US 12,035,380 B2
Industrial 5G dynamic multi-priority multi-access method based on deep reinforcement learning
Haibin Yu, Liaoning (CN); Xiaoyu Liu, Liaoning (CN); Chi Xu, Liaoning (CN); Peng Zeng, Liaoning (CN); Xi Jin, Liaoning (CN); and Changqing Xia, Liaoning (CN)
Assigned to SHENYANG INSTITUTE OF AUTOMATION, CHINESE ACADEMY OF SCIENCES, Liaoning (CN)
Appl. No. 17/296,509
Filed by SHENYANG INSTITUTE OF AUTOMATION, CHINESE ACADEMY OF SCIENCES, Liaoning (CN)
PCT Filed Dec. 25, 2020, PCT No. PCT/CN2020/139322
§ 371(c)(1), (2) Date May 24, 2021,
PCT Pub. No. WO2021/227508, PCT Pub. Date Nov. 18, 2021.

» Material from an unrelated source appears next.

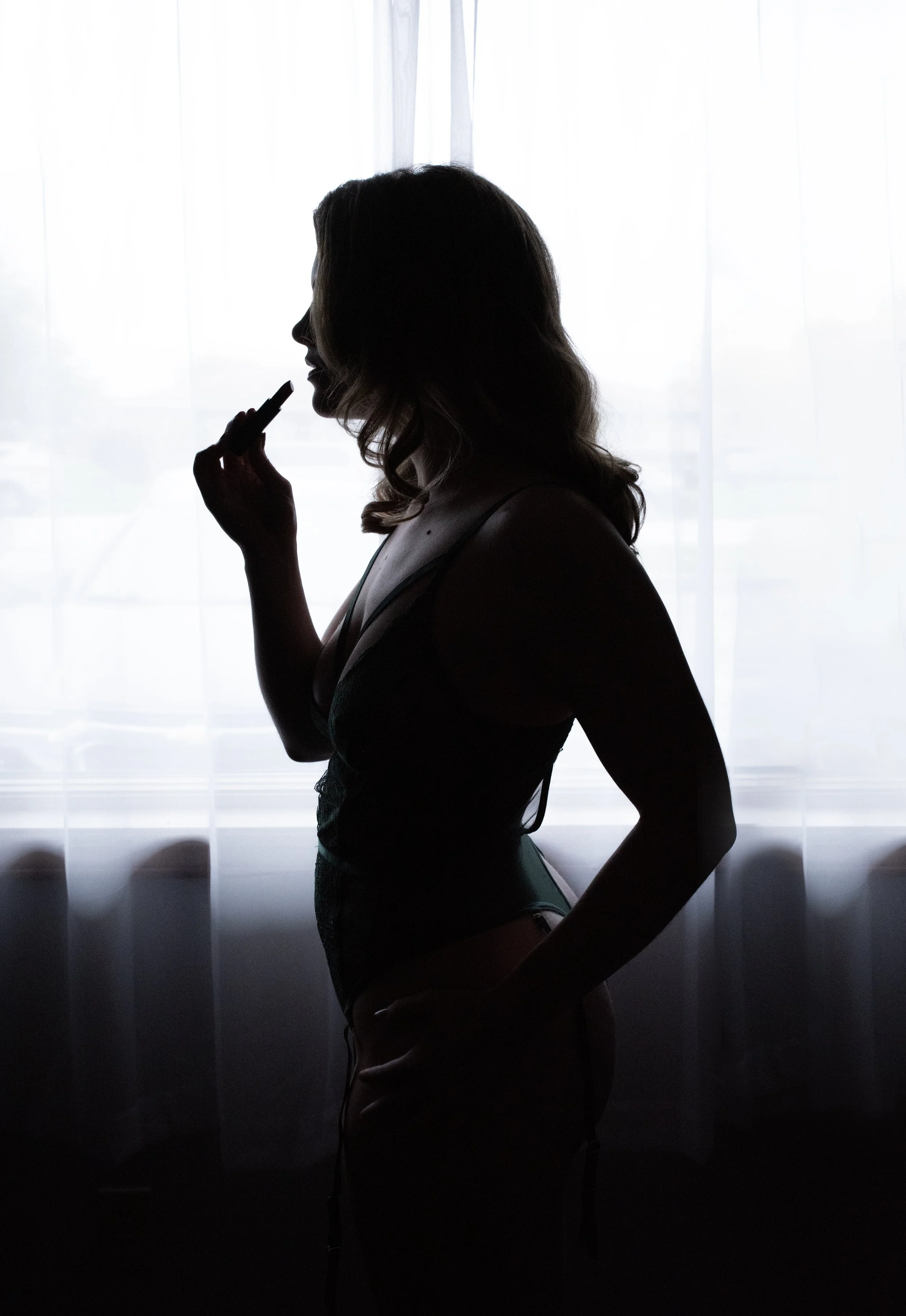 Silhouette of a woman applying lipstick in front of a sheer curtain.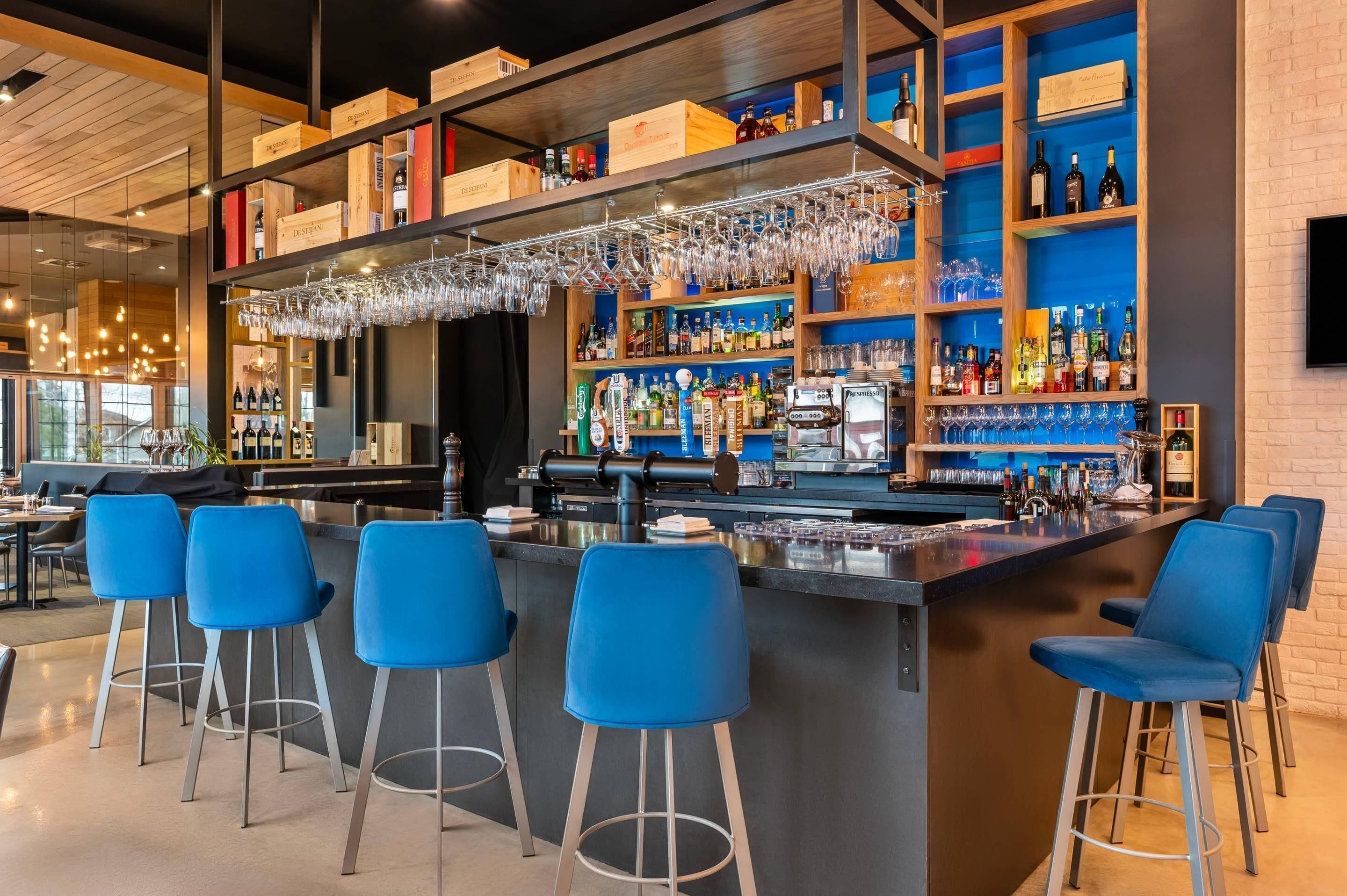 A bar area with a bar counter, stools, and shelves stocked with bottles.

Claims priority of application No. 202010385640.4 (CN), filed on May 9, 2020.
Prior Publication US 2022/0217792 A1, Jul. 7, 2022
Int. Cl. H04W 74/08 (2024.01); G06N 3/04 (2023.01); G06N 3/045 (2023.01); H04L 5/00 (2006.01); H04W 74/00 (2009.01)
CPC H04W 74/0875 (2013.01) [G06N 3/045 (2023.01); H04L 5/003 (2013.01); H04W 74/002 (2013.01)] 8 Claims
OG exemplary drawing
 
1. An industrial 5G dynamic multi-priority multi-access method based on deep reinforcement learning, comprising the following steps:
1) establishing a dynamic multi-priority multi-channel access neural network model based on deep reinforcement learning;
2) collecting state, action and reward information of T time slots of all industrial 5G terminals in the industrial 5G network as training data to train the neural network model; and
3) collecting the state information of all the industrial 5G terminals in the industrial 5G network at the current time slot as the input of the neural network model; conducting multi-priority channel allocation through the neural network model; and conducting multi-access by the industrial 5G terminals according to a channel allocation result,
wherein step 1 further comprises:
constructing two neural network models with the same structure of q-eval deep neural network and q-next deep neural network, and neural network parameters params=[xin, xmn, xfc, xout, w, b],
wherein xin represents the number of neurons on an input layer and is equal to the length of a state vector sn of the industrial 5G terminal n (n∈N), N represents the number of the industrial 5G terminals, xmn represents the number of neurons on a recurrent neural network layer, xfc represents the number of neurons on a fully connected layer, xout represents the number of neurons on an output layer and is equal to the length of an action vector an of the industrial 5G terminal n, w represents a weight, and b represents an offset,
wherein the q-eval deep neural network is used for obtaining a valuation function Q(sn,an) of the action vector an of the current state vector sn of the industrial 5G terminal n, the q-next neural network model is used for selecting the valuation function maxa′nQ(s′n, a′n of the maximum action vector a′n of the next state vector s′n of the industrial 5G terminal n;
updating the q-eval deep neural network parameters w and b using reinforcement learning Q(sn, an)=Q(sn, an)+α(rn+γ maxa′nQ(s′n, a′n)−Q(sn, an)), wherein α represents a learning rate; γ represents a discount ratio, and rn represents a reward obtained by the industrial 5G terminal n in the current state sn by executing the action vector an,
the initialization parameters of the q-next deep neural network being the same as the initialization parameters of the q-eval deep neural network; updating the parameters w and b of the q-eval deep neural network after each iterative training of the neural network model, and updating the parameters w and b of the q-next deep neural network once after each iterative training of the neural network model for I times.